Watch for the Spark

by | Mar 22, 2015 | 20s, Anxiety, Trust Yourself | 16 comments

MINOLTA DIGITAL CAMERANote: As always, if you’re not a parent please apply these concepts to your own childhood and also how you attend to your own inner self/child today.

Because of my passion for and writing on the topic of transitions, my readers often ask me for parenting advice. While I feel competent sharing ideas and guidance about the transition into parenting – i.e. bearing and birthing a baby in preparation for the first year of life as a new mother – I hesitate in the realm of advice centered on the actual job of parenting for several reasons.

For one thing, I firmly believe that parents are their own best resource and experts. Nobody knows you, your child, and your family configuration as well as you do, so the most supportive “advice” I can offer is often to trust your own deepest knowing about how to move forward in a particular situation. Similarly, what works for me and my family or a certain client’s family may or not work for you and your family, and may even bring about a negative result. The definitive parenting manual hasn’t been written because it’s impossible to write. Just like there are millions of marriage configurations which defy many of the rules that marriage experts dole out, so there are billions of permutations of parent-child relationships. To think that we can devise a one-size-fits-all approach to all things parenting is unrealistic and possibly even damaging. As I tell my clients in intimate relationships, as long as it’s loving, there are no right or wrong ways to love each other; there’s only what works for you.

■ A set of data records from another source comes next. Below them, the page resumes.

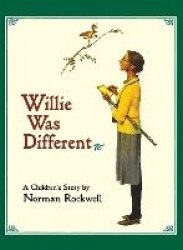 Willie Was Different - A Children's Story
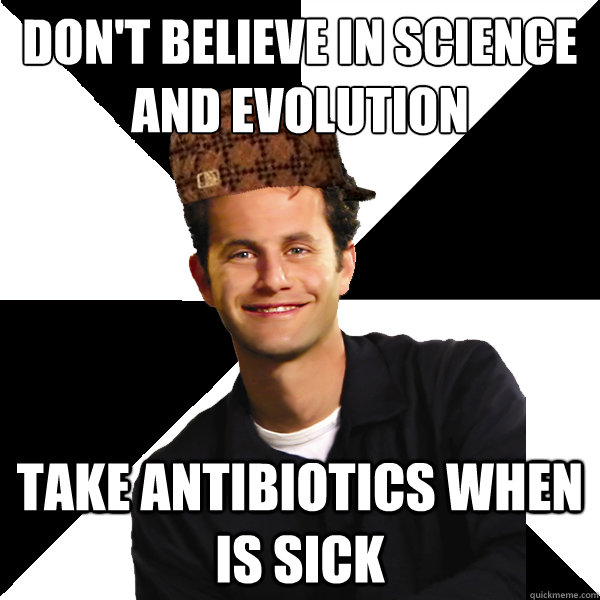 DON'T BELIEVE IN SCIENCE AND EVOLUTION TAKE ANTIBIOTICS WHEN IS SICK - DON'T BELIEVE IN SCIENCE AND EVOLUTION TAKE ANTIBIOTICS WHEN IS SICK  Scumbag Christian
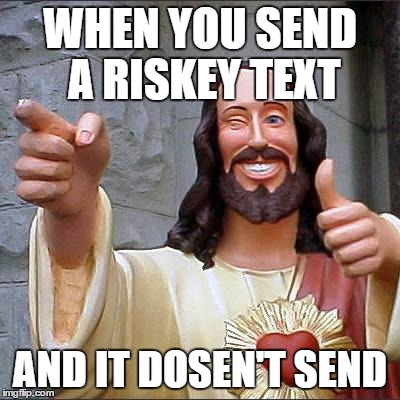 Buddy Christ | WHEN YOU SEND A RISKEY TEXT; AND IT DOSEN'T SEND | image tagged in memes,buddy christ | made w/ Imgflip meme maker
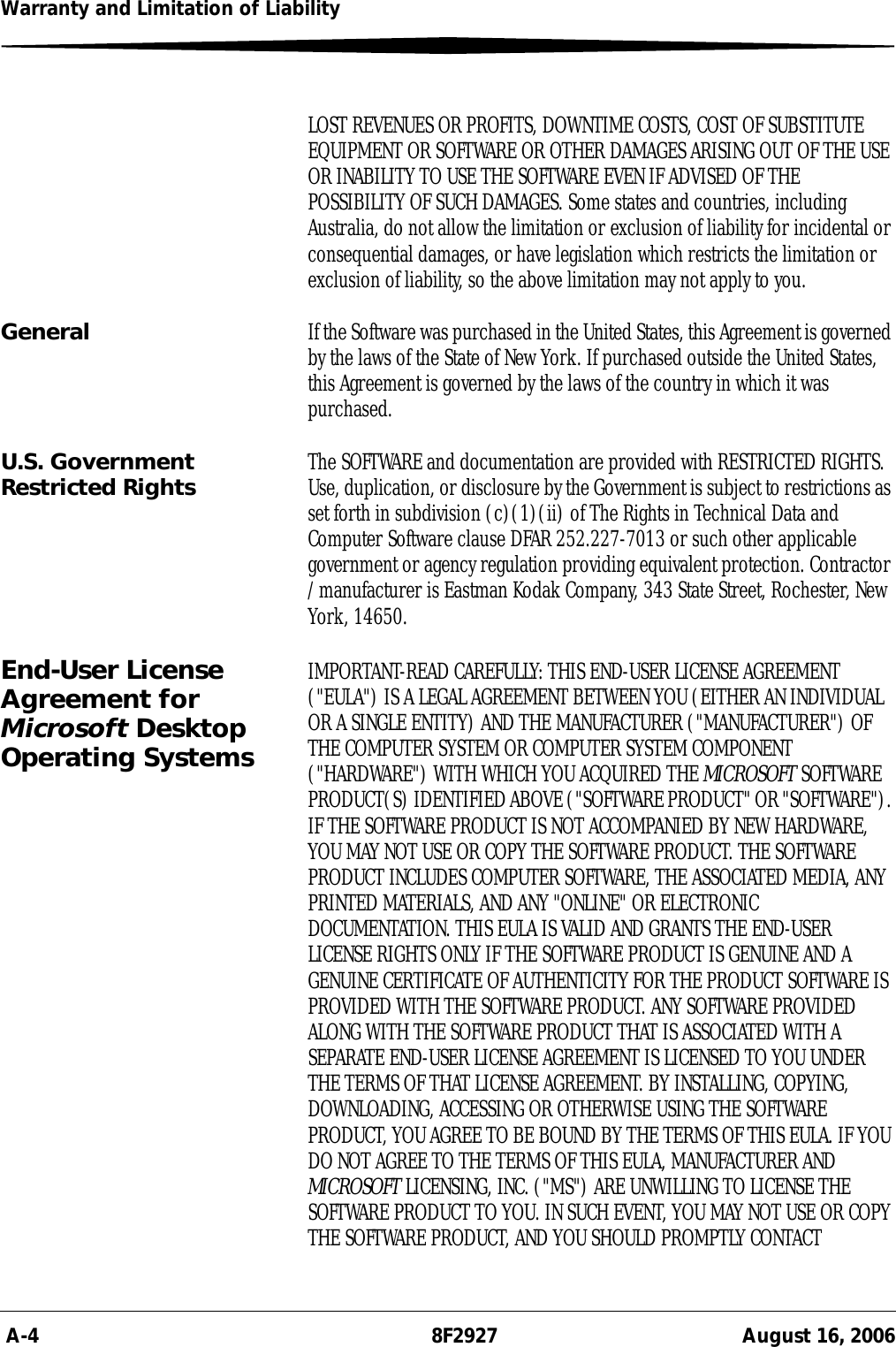  A-4 8F2927 August 16, 2006Warranty and Limitation of LiabilityLOST REVENUES OR PROFITS, DOWNTIME COSTS, COST OF SUBSTITUTE EQUIPMENT OR SOFTWARE OR OTHER DAMAGES ARISING OUT OF THE USE OR INABILITY TO USE THE SOFTWARE EVEN IF ADVISED OF THE POSSIBILITY OF SUCH DAMAGES. Some states and countries, including Australia, do not allow the limitation or exclusion of liability for incidental or consequential damages, or have legislation which restricts the limitation or exclusion of liability, so the above limitation may not apply to you.General If the Software was purchased in the United States, this Agreement is governed by the laws of the State of New York. If purchased outside the United States, this Agreement is governed by the laws of the country in which it was purchased.U.S. Government Restricted Rights The SOFTWARE and documentation are provided with RESTRICTED RIGHTS. Use, duplication, or disclosure by the Government is subject to restrictions as set forth in subdivision (c)(1)(ii) of The Rights in Technical Data and Computer Software clause DFAR 252.227-7013 or such other applicable government or agency regulation providing equivalent protection. Contractor / manufacturer is Eastman Kodak Company, 343 State Street, Rochester, New York, 14650.End-User License Agreement for Microsoft Desktop Operating SystemsIMPORTANT-READ CAREFULLY: THIS END-USER LICENSE AGREEMENT (&quot;EULA&quot;) IS A LEGAL AGREEMENT BETWEEN YOU (EITHER AN INDIVIDUAL OR A SINGLE ENTITY) AND THE MANUFACTURER (&quot;MANUFACTURER&quot;) OF THE COMPUTER SYSTEM OR COMPUTER SYSTEM COMPONENT (&quot;HARDWARE&quot;) WITH WHICH YOU ACQUIRED THE MICROSOFT SOFTWARE PRODUCT(S) IDENTIFIED ABOVE (&quot;SOFTWARE PRODUCT&quot; OR &quot;SOFTWARE&quot;). IF THE SOFTWARE PRODUCT IS NOT ACCOMPANIED BY NEW HARDWARE, YOU MAY NOT USE OR COPY THE SOFTWARE PRODUCT. THE SOFTWARE PRODUCT INCLUDES COMPUTER SOFTWARE, THE ASSOCIATED MEDIA, ANY PRINTED MATERIALS, AND ANY &quot;ONLINE&quot; OR ELECTRONIC DOCUMENTATION. THIS EULA IS VALID AND GRANTS THE END-USER LICENSE RIGHTS ONLY IF THE SOFTWARE PRODUCT IS GENUINE AND A GENUINE CERTIFICATE OF AUTHENTICITY FOR THE PRODUCT SOFTWARE IS PROVIDED WITH THE SOFTWARE PRODUCT. ANY SOFTWARE PROVIDED ALONG WITH THE SOFTWARE PRODUCT THAT IS ASSOCIATED WITH A SEPARATE END-USER LICENSE AGREEMENT IS LICENSED TO YOU UNDER THE TERMS OF THAT LICENSE AGREEMENT. BY INSTALLING, COPYING, DOWNLOADING, ACCESSING OR OTHERWISE USING THE SOFTWARE PRODUCT, YOU AGREE TO BE BOUND BY THE TERMS OF THIS EULA. IF YOU DO NOT AGREE TO THE TERMS OF THIS EULA, MANUFACTURER AND MICROSOFT LICENSING, INC. (&quot;MS&quot;) ARE UNWILLING TO LICENSE THE SOFTWARE PRODUCT TO YOU. IN SUCH EVENT, YOU MAY NOT USE OR COPY THE SOFTWARE PRODUCT, AND YOU SHOULD PROMPTLY CONTACT 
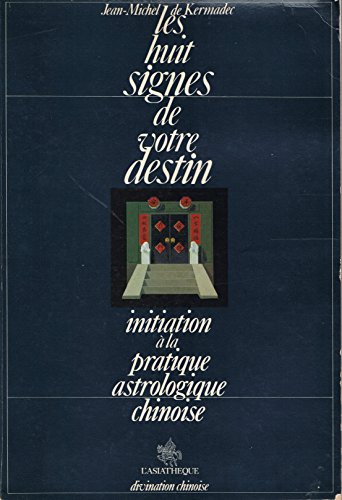 Stock image for 8 signes de votre destin (les) (L'ASIATHQUE.MAISON DES LANGUES DU MONDE) for sale by Books Unplugged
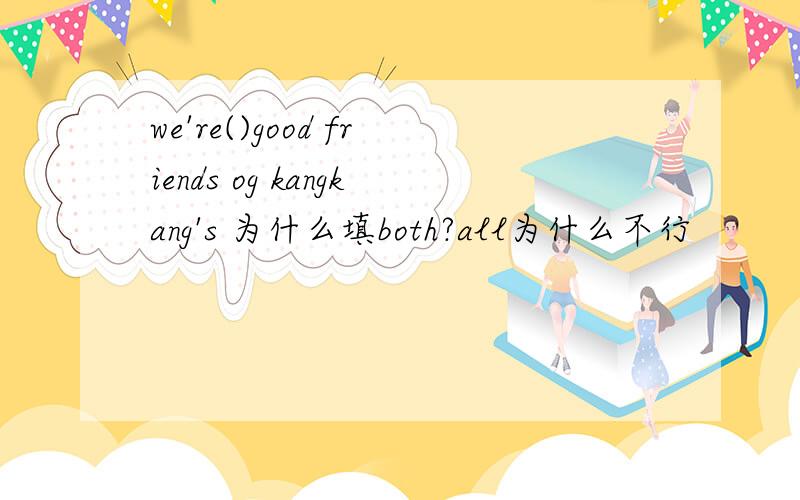 we're()good friends og kangkang's 为什么填both?all为什么不行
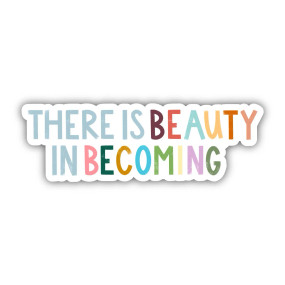 there is beauty in becoming sticker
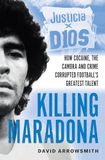 Killing Maradona: How cocaine, the Camorra, cartels and crime corrupted football's greatest talent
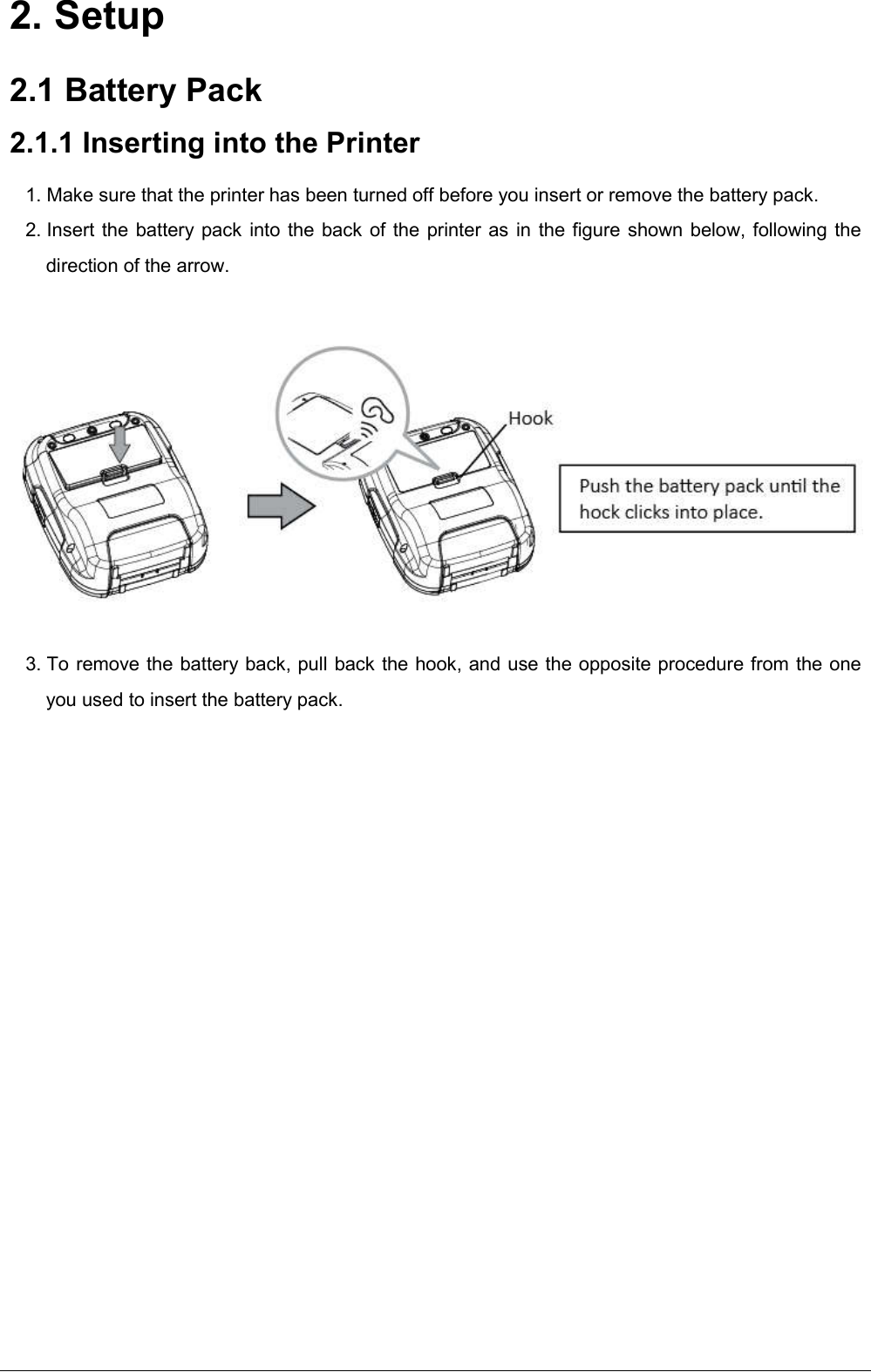    2. Setup 2.1 Battery Pack 2.1.1 Inserting into the Printer 1. Make sure that the printer has been turned off before you insert or remove the battery pack. 2. Insert the battery pack into the back of the printer as in the figure shown below, following the direction of the arrow.       3. To remove the battery back, pull back the hook, and use the opposite procedure from the one you used to insert the battery pack. 
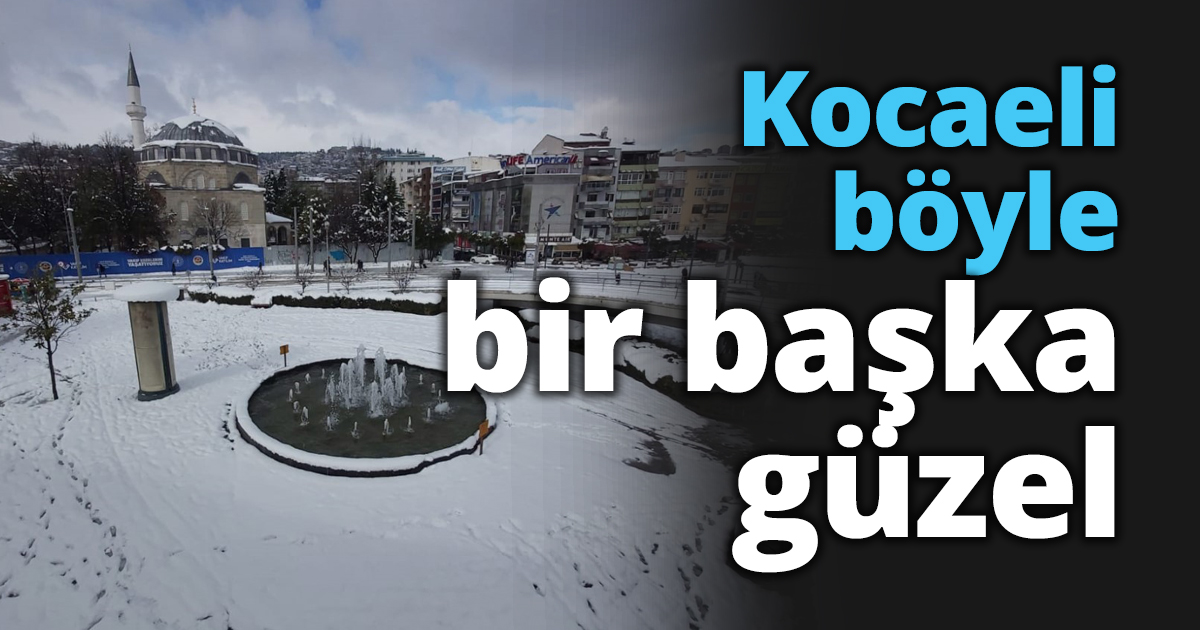 Kocaeli böyle bir başka güzel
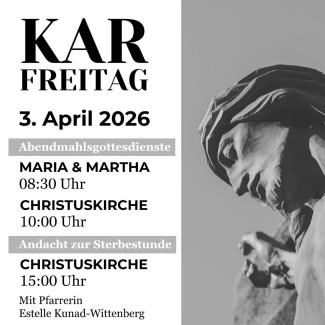 Karfreitag in der Christuskirche 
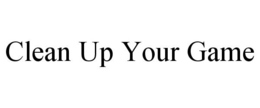 CLEAN UP YOUR GAME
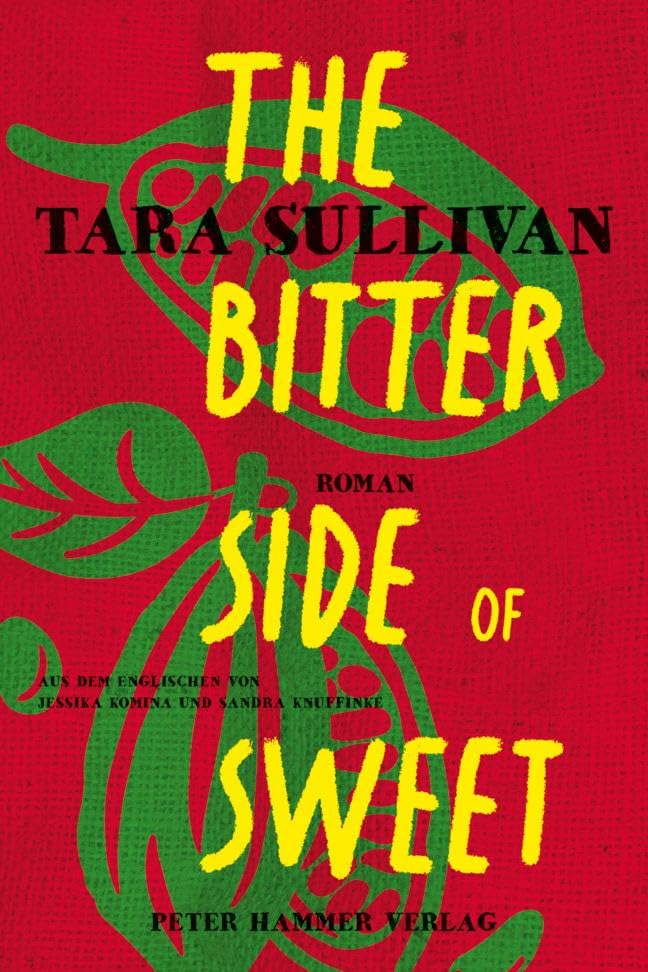 Sullivan, Tara: The Bitter Side of Sweet
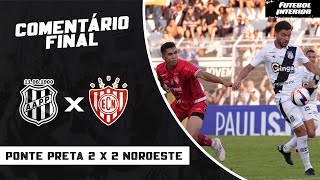 COMENTÁRIO FINAL: PONTE PRETA 2 X 2 NOROESTE | CAMPEONATO PAULISTA SÉRIE A1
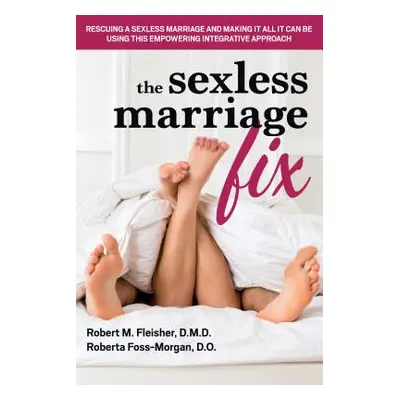 "The Sexless Marriage Fix: Rescuing a Sexless Marriage and Making It All It Can Be Using This Em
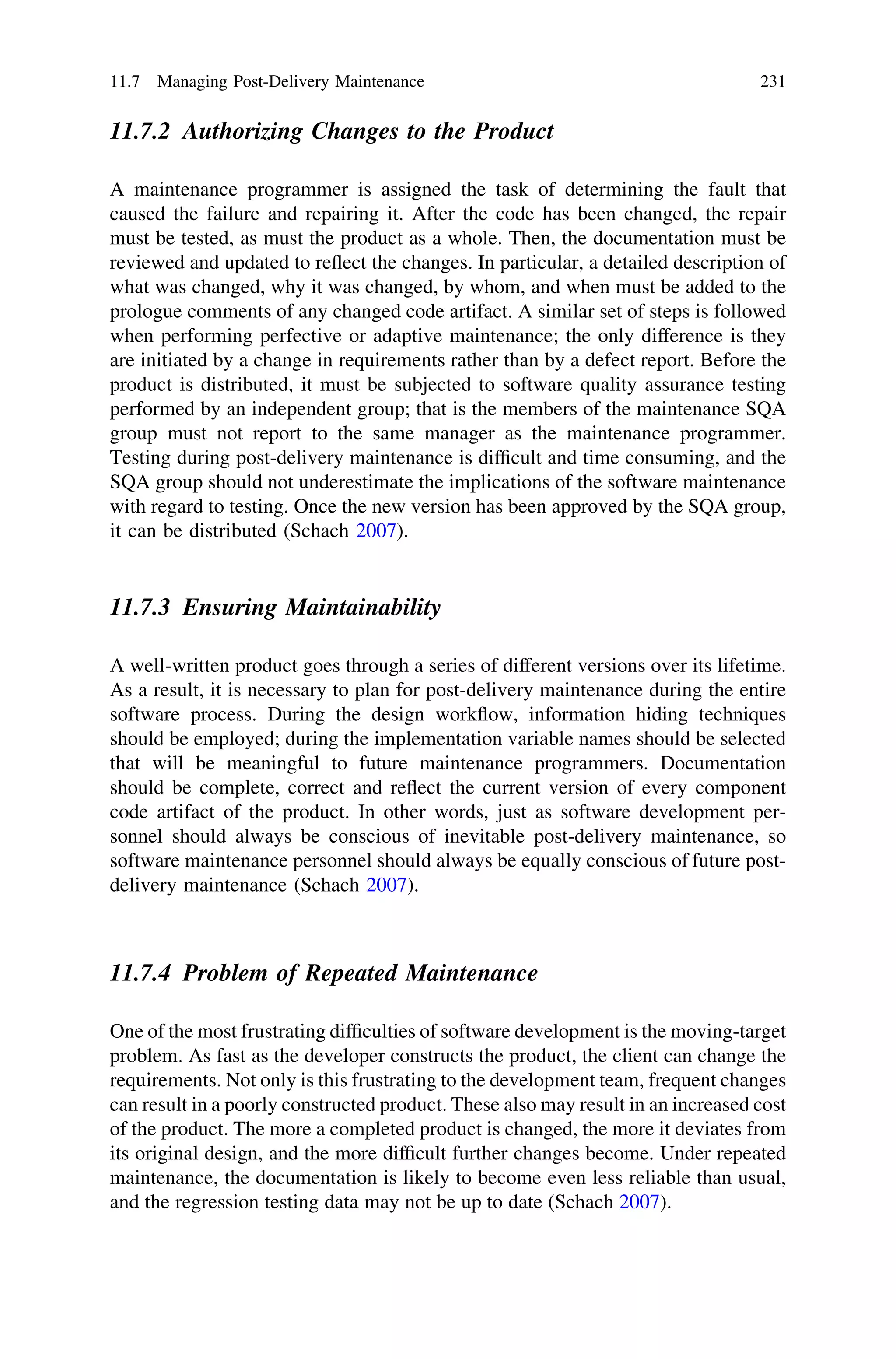 11.7.2 Authorizing Changes to the Product
A maintenance programmer is assigned the task of determining the fault that
caused the failure and repairing it. After the code has been changed, the repair
must be tested, as must the product as a whole. Then, the documentation must be
reviewed and updated to reﬂect the changes. In particular, a detailed description of
what was changed, why it was changed, by whom, and when must be added to the
prologue comments of any changed code artifact. A similar set of steps is followed
when performing perfective or adaptive maintenance; the only difference is they
are initiated by a change in requirements rather than by a defect report. Before the
product is distributed, it must be subjected to software quality assurance testing
performed by an independent group; that is the members of the maintenance SQA
group must not report to the same manager as the maintenance programmer.
Testing during post-delivery maintenance is difﬁcult and time consuming, and the
SQA group should not underestimate the implications of the software maintenance
with regard to testing. Once the new version has been approved by the SQA group,
it can be distributed (Schach 2007).
11.7.3 Ensuring Maintainability
A well-written product goes through a series of different versions over its lifetime.
As a result, it is necessary to plan for post-delivery maintenance during the entire
software process. During the design workﬂow, information hiding techniques
should be employed; during the implementation variable names should be selected
that will be meaningful to future maintenance programmers. Documentation
should be complete, correct and reﬂect the current version of every component
code artifact of the product. In other words, just as software development per-
sonnel should always be conscious of inevitable post-delivery maintenance, so
software maintenance personnel should always be equally conscious of future post-
delivery maintenance (Schach 2007).
11.7.4 Problem of Repeated Maintenance
One of the most frustrating difﬁculties of software development is the moving-target
problem. As fast as the developer constructs the product, the client can change the
requirements. Not only is this frustrating to the development team, frequent changes
can result in a poorly constructed product. These also may result in an increased cost
of the product. The more a completed product is changed, the more it deviates from
its original design, and the more difﬁcult further changes become. Under repeated
maintenance, the documentation is likely to become even less reliable than usual,
and the regression testing data may not be up to date (Schach 2007).
11.7 Managing Post-Delivery Maintenance 231
 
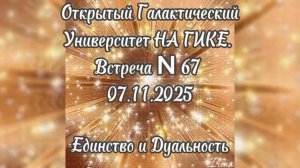 Единство и Дуальность. Открытый Галактический Университет на ГИКЕ. Встреча № 67. 07.11.2025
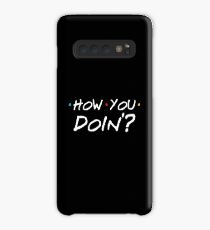 How You Doin'? Case/Skin for Samsung Galaxy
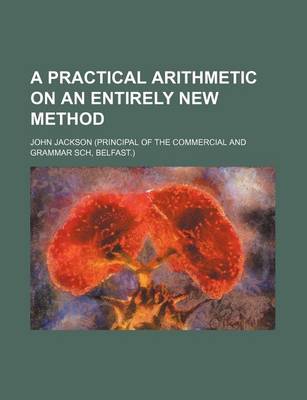 Book cover for A Practical Arithmetic on an Entirely New Method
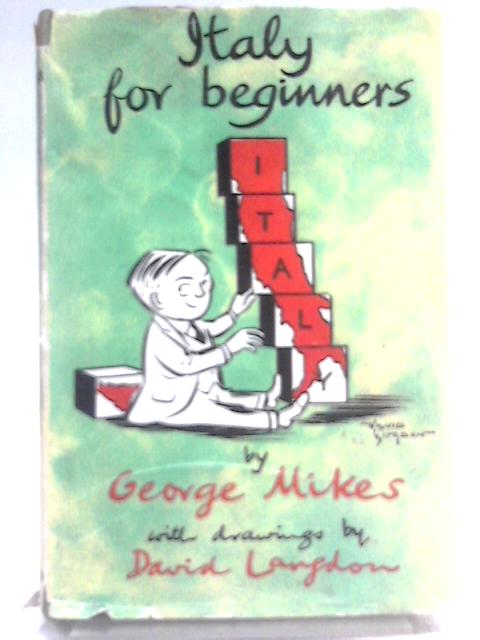 Italy for beginners von George Mikes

That said, there are some basic premises which, when followed, can offer a roadmap when you’re at the starting gates of parenting. There are some general guidelines that can offer a light when the road of parenting feels dark and can help you guide your child to grow into the fullest nature of themselves. For I think we know that what we want most for our children – above any superficial achievement – is to be fulfilled. And even if we can’t articulate it clearly, we sense that one of the ways we find fulfillment is by actively connecting to and offering our gifts to this world. When we’re living from our gifts and passions, we feel a deep sense of meaning that transcends even the quest for the transitory feeling of happiness. It’s the meaning that brings fulfillment.

Yet so many adults have no idea what brings them joy. I can’t tell you the number of clients I’ve worked with that stare at me blankly when I ask them what they love doing. I’ve heard several clients say to me, “You know, I really hate that question. I feel so inadequate that I don’t know what my passion is.”

It’s not their fault that they’ve lost touch with their passion. In my opinion, one of the primary tasks of parenting is to mirror back and support your child’s interests, to notice what lights them up and then pour energy into supporting that spark, whatever it is. When I’m working with new parents I encourage them to “watch for the spark”, meaning to pay close attention to those activities that capture your child’s attention and imagination. And I have no doubt that every single child has places or activities or books or people or subjects that light them up.

For example, I’m amazed when I look at pictures of my older son in his first two years of life and see him doing things like opening and shutting the zipper on our suitcase to figure out how it works. His engineering mind appeared by age one, and was fully apparent at eighteen months old. And I’m fascinated by how different our second son’s interests are that also showed themselves early in life.

If you watch closely, you will see your child’s spark. The key is to get your own agenda out of the way so that you can clearly see what’s before you. In other words, if you have a desire for your daughter to be a dancer but she clearly shows interest in science, you may miss the science clues altogether because your vision is clouded by your own desires. It’s a powerful psychological truth that children live out the unlived lives of their parents on many levels, which means we must do our best to carefully attend to our own latent desires so that we don’t impose those on our kids. Sometimes just naming it helps move it from the unconscious realm to the conscious, so by saying aloud, “You know, I feel so sad that I didn’t pursue my passion for dance,” you can own it and, by doing so, free your child up to live their own life.

And if you’re reading this thinking, “But what about my own spark?” I assure you that it still lives inside of you, waiting for you to remember it, to notice it, and breathe the breath of your attention onto it so that it can fan into full flame – the flame of a life fully lived. Listen for the whispers of “yes”. Watch for the places that light you up. And to be clear: I’m not talking about a profession or a calling. Those words have become spike-terms in the realm of work the same way that “soulmate” and “the One” create inordinate pressure in the realm of intimate relationships. What I’m talking about is connecting or re-connecting to the places that you love: the subjects you love learning about, the activities that make you hum, the types of people that bring you comfort, the music that sings the language of your soul. We live on an extraordinary planet with an infinite number of songs, activities, subjects, languages, people, religions, experiences to learn about, dwell in, swim inside their seas. Which ones call to you like mermaids from the rocks? Listen, and you will hear.